Currently, only 14 people, including 10 very senior IT officials, are still employed at the IRS under the expired authority, Koskinen said. But because the authority only granted four-year terms, those people will soon go away.

"They start turning into pumpkins by June of this year," Koskinen said. "By next summer, they're all gone."

Milholland declined to be interviewed for this story, but Koskinen said that although the CTO "would be delighted to stay" at the IRS if the hiring authority is reinstituted, he's not likely to stick around for a pay cut and a trek through red tape.

Koskinen has tried before and failed to get the authority reinstated, but he has pledged to seek a legislative solution, adding, "We've got a lot of support on the Hill."

The measure would need the approval of such frugal committees as the Senate Homeland Security and Governmental Affairs and the House Oversight and Government Reform committees.

Rep. Jason Chaffetz (R-Utah), chairman of the House oversight committee, said last month that the IRS could take advantage of an existing Office of Personnel Management pay-boosting authority instead of seeking the restoration of its own streamlined critical pay authority. After all, Chaffetz said, only four of 800 available OPM authority slots have been filled.

But Koskinen said those small numbers speak to the program's weakness: It offers higher pay, but "it's the opposite of streamlined."

Keep the tax code simple, stupid

The IRS has taken some lessons from the modernization efforts of the past and is now following the slow-and-steady, one-thread-at-a-time approach.

But for those looking for innovative solutions, tax code simplification is a strong possibility.

"As an American citizen and a guy who worked at the IRS and understands it pretty well, I would say a simplified tax code would help," Spires said. "Frankly, the complexity of it is one of the big problems."

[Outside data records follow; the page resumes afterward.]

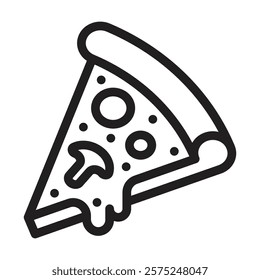Pizza slice icon. Editable line icon. Vector illustration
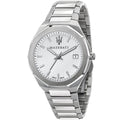Maserati Stile R8853142005 45mm Men’s Quartz Watch – Silver/white Waffle-Textured Dial & Silver Link Bracelet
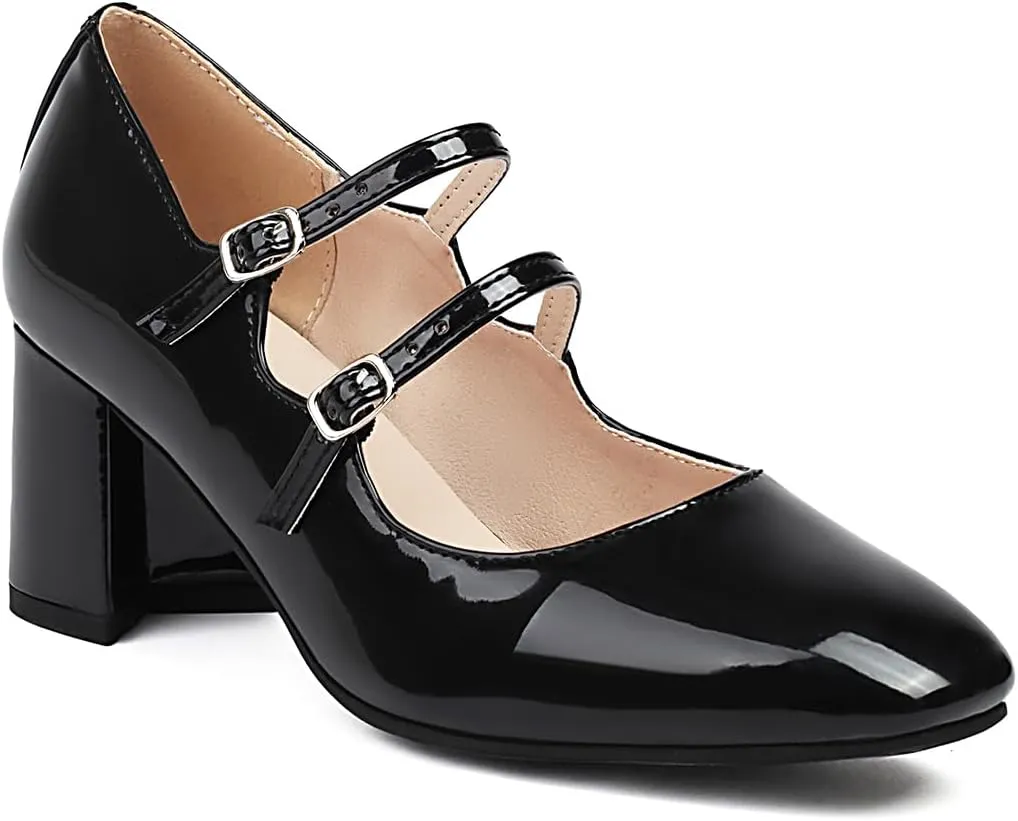 Chunky High Heels Closed Round Toe Mary Jane Pumps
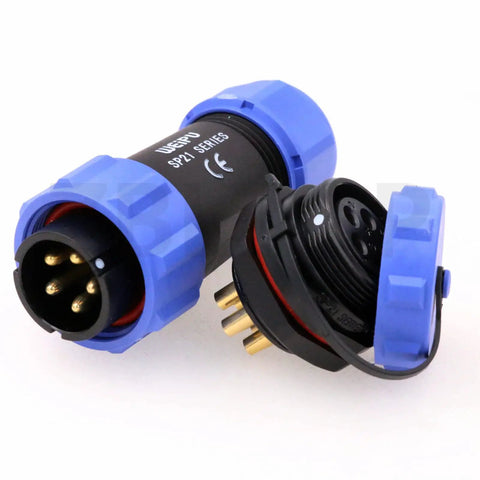 SP21 5 Pin IP68 Waterproof Aviation Circular Connector 21mm Panel Mount 30A Plug Socket With Dust Cover For Rugged Industrial Power And Signal Applications, blue caps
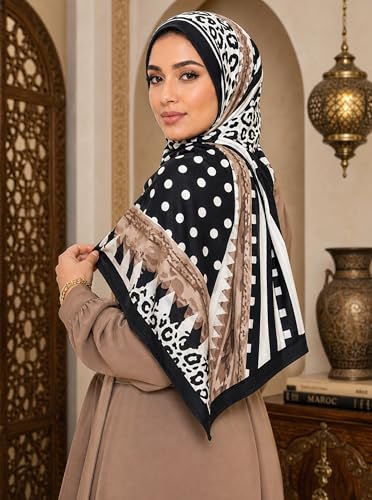 Printed Jersey Cotton Scarf for Women, Stretch Soft Hijab, Lightweight Breathable Head Wrap for All Seasons - color: Mctlp2538-d Pattern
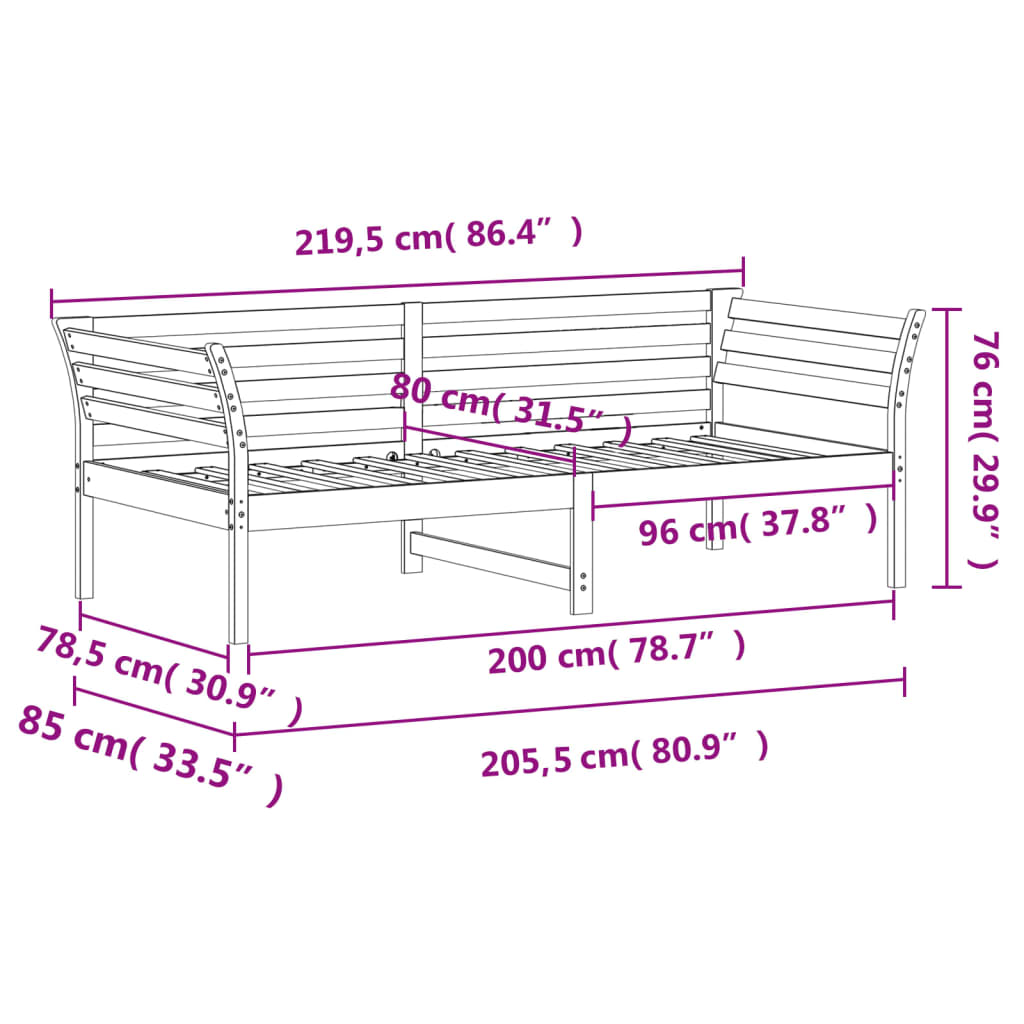 vidaXL viaszbarna tömör fenyőfa kanapéágy matrac nélkül 80 x 200 cm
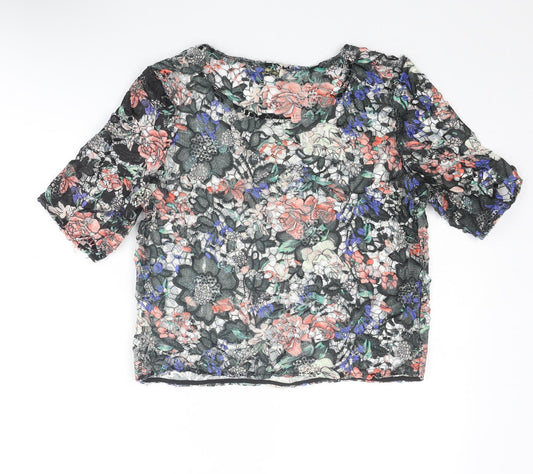Parisian Collection Womens Multicoloured Floral Polyester Basic T-Shirt Size 10 Round Neck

If the government were to dramatically simplify the tax code, the IRS would no longer need to rely on the complicated relationships programmed into IMF or design complicated mechanisms to take its place. And with fewer pages in tax-return instruction books, the agency could design more effective public-facing services as the demand for those services plummets.

As Yale University tax law professor Michael Graetz quipped back in 1998: "Restructuring the IRS without rewriting the tax law it administers is like trying to turn a Winnebago around without taking it out of the garage."

Failing simplification of the tax code, Koskinen said the crucial goal is keeping talented people at the IRS. He added that he intends to push for the restoration of streamlined critical pay authority until his term expires in 2017.

As for the story of IRS modernization, the chapters of that book aren't yet written.

"When you're modernized is when you turn the old stuff off," Powner said. And there's no telling when the Kennedy-era IMF will finally be shut down.